Excellent, thank you! I will have to get back to you on that.

blurpy avatar Mar 17 '23 09:03 blurpy

I finally got some time to play with latest main. Nice work with all security improvements lately! What I found out is that running with UID 101 is now what is stopping using the restricted policy

hafe avatar Mar 17 '23 16:03 hafe

What I found out is that running with UID 101 is now what is stopping using the restricted policy

@hafe, where are you seeing UID 101 being an issue? Is there some reference document/source you could link to? My understanding that any non-zero UID should be okay, based on current Pod Security Standards wording:

Running as Non-root user (v1.23+) Containers must not set runAsUser to 0

Restricted Fields:

  • spec.securityContext.runAsUser
  • spec.containers[*].securityContext.runAsUser
  • spec.initContainers[*].securityContext.runAsUser
  • spec.ephemeralContainers[*].securityContext.runAsUser

Allowed Values

  • any non-zero value
  • undefined/null

sigv avatar Mar 19 '23 11:03 sigv

OKD/Openshift gives each namespace a UID range and allocates a random UID from that to a pod. If you need a fixed UID you need to use the anyuid policy or a custom one. But I need to play more with this

hafe avatar Mar 19 '23 12:03 hafe

Understood, it's about OpenShift's restricted-v2 security context constraint (restricted for OpenShift v4.10 and older). The restricted SCC: [..] Requires that a pod is run as a user in a pre-allocated range of UIDs

This needs a further investigation. I have not worked hands on with OpenShift so I am not 100% familiar with their approach. RedHat Blog has A Guide to OpenShift and UIDs which seems like a decent entrypoint into the topic.

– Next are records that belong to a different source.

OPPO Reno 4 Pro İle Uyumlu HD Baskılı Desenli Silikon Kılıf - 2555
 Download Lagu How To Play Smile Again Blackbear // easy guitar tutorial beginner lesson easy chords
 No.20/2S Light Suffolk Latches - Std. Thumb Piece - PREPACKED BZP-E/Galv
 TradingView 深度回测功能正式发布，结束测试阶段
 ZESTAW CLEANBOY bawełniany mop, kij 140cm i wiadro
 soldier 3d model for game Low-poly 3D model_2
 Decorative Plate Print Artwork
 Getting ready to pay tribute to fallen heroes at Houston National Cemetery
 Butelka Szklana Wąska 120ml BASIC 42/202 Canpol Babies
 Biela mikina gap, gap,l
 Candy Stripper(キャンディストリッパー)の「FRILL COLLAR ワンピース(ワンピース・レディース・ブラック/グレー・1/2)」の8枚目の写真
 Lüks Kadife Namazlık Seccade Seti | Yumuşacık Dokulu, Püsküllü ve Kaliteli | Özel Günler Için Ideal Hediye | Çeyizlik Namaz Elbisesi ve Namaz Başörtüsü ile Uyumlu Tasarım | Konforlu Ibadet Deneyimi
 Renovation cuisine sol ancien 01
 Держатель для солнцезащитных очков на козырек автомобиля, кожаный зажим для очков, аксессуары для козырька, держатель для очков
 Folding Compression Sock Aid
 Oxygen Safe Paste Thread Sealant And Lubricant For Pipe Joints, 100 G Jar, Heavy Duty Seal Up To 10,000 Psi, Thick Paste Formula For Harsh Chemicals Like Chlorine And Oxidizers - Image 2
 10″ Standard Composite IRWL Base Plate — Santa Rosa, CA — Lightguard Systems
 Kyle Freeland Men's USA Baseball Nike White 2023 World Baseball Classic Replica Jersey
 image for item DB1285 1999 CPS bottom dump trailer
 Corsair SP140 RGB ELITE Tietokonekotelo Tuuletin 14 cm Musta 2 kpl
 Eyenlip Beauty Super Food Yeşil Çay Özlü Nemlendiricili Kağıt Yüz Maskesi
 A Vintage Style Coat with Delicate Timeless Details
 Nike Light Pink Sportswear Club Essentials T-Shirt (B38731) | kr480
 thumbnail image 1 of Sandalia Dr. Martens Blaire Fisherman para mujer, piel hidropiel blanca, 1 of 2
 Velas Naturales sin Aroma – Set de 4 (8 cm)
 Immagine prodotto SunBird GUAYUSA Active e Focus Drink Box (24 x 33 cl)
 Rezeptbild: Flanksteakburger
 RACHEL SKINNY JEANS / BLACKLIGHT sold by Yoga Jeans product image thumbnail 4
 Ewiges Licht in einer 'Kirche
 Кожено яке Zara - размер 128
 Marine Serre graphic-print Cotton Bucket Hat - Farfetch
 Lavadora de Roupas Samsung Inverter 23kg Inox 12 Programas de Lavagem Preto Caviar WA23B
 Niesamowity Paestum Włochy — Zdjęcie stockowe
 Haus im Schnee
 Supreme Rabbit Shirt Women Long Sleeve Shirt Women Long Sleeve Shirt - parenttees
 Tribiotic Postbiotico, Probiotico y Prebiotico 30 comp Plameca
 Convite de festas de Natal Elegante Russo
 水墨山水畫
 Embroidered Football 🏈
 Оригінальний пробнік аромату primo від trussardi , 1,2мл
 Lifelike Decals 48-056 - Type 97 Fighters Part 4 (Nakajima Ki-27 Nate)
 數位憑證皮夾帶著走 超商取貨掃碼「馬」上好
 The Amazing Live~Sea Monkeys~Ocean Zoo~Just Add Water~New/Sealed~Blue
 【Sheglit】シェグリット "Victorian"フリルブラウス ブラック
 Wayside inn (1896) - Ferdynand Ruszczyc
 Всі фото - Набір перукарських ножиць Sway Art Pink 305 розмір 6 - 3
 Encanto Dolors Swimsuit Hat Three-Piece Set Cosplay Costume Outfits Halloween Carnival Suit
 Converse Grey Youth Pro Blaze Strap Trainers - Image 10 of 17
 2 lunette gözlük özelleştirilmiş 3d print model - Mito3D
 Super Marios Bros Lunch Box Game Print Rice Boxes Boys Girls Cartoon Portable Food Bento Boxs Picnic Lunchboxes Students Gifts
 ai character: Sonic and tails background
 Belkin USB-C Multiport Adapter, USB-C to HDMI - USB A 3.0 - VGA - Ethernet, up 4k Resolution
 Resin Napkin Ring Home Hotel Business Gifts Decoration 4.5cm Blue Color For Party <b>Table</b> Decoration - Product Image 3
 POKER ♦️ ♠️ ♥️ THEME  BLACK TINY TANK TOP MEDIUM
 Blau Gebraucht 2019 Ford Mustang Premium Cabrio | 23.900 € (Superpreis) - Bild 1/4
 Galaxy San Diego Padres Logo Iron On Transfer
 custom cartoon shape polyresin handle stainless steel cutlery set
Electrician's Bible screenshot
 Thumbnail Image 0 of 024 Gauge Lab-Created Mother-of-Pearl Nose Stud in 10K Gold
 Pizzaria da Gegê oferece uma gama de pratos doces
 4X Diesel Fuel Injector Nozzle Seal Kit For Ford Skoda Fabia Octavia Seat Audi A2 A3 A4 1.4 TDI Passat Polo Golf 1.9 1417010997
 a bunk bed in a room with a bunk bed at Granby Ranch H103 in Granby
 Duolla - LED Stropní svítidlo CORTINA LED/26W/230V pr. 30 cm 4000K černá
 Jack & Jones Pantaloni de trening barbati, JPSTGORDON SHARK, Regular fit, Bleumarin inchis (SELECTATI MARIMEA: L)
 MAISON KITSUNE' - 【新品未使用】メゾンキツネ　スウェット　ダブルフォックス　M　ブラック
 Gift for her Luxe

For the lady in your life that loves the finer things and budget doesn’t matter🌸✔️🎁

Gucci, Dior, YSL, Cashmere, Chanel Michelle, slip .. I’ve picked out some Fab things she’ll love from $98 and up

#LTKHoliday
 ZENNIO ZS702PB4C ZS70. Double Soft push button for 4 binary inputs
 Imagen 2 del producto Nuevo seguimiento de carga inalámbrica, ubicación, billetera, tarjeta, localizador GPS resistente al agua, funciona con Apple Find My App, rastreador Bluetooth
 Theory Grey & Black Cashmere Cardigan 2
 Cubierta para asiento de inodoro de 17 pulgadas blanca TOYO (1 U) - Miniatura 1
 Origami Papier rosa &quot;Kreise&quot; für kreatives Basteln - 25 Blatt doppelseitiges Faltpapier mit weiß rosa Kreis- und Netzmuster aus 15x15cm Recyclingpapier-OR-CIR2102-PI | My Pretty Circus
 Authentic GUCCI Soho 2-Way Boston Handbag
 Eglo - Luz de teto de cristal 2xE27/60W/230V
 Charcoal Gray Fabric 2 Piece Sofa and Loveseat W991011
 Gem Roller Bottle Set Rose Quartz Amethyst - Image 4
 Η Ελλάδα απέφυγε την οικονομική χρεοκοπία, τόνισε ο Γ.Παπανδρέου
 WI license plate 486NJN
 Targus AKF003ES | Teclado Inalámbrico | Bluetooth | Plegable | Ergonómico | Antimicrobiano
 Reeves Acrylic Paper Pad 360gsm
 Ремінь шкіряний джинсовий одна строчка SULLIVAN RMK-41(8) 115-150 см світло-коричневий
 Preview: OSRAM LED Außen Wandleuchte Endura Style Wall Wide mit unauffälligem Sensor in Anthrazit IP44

@hafe, if you instead apply the anyuid SCC, how does it look? The documentation linked above says it provides all features of the restricted SCC, but allows users to run with any UID and any GID.

sigv avatar Mar 19 '23 14:03 sigv

I will do some more checks but otherwise I think this particular issue could be rephrased and closed

hafe avatar Mar 19 '23 14:03 hafe

I am taking a closer look and PodSecurityContext (v1) says runAsUser defaults to user specified in image metadata if unspecified. OpenShift's Example security context constraints section discusses when no explicit user ID is provided as well.

@hafe, could you check restricted-v2 by setting runAsUser: null, if you have a moment? Proposed diff available in #3665. OpenShift admission plugin should check openshift.io/sa.scc.uid-range and assign the first UID, if I am reading this right.

sigv avatar Mar 19 '23 14:03 sigv

@sigv Initial testing looks good! We have the controller running with the restricted profile now.

blurpy avatar Mar 29 '23 06:03 blurpy

@blurpy, just to double check, as there are competing request scopes: Kubernetes restricted with latest release, or OpenShift modifying 'run as user'?

sigv avatar Mar 30 '23 06:03 sigv

@sigv using the restricted pod security standard: https://kubernetes.io/docs/concepts/security/pod-security-standards/#restricted

The namespace is configured as follows:

kubectl describe ns nginx-ingress
Name:         nginx-ingress
Labels:       kubernetes.io/metadata.name=nginx-ingress
              pod-security.kubernetes.io/audit=restricted
              pod-security.kubernetes.io/audit-version=latest
              pod-security.kubernetes.io/enforce=restricted
              pod-security.kubernetes.io/enforce-version=latest
              pod-security.kubernetes.io/warn=restricted
              pod-security.kubernetes.io/warn-version=latest
Annotations:  <none>

Still at the poc stage though, so perhaps we discover something more later.

blurpy avatar Mar 30 '23 07:03 blurpy

I originally thought about changing the templates so high (>1024) ports optionally could be configured. This could then be used with normal (non-host) networking and removing the need for privileged mode. I never got around to test. Is this a feasible path?

hafe avatar Apr 07 '23 08:04 hafe

@hafe, are you on OpenShift 4.11+? Or are you running on the 4.10 Maintenance Support?

I am asking as I want to hear if you have the restricted-v2 SCC available.

sigv avatar May 17 '23 00:05 sigv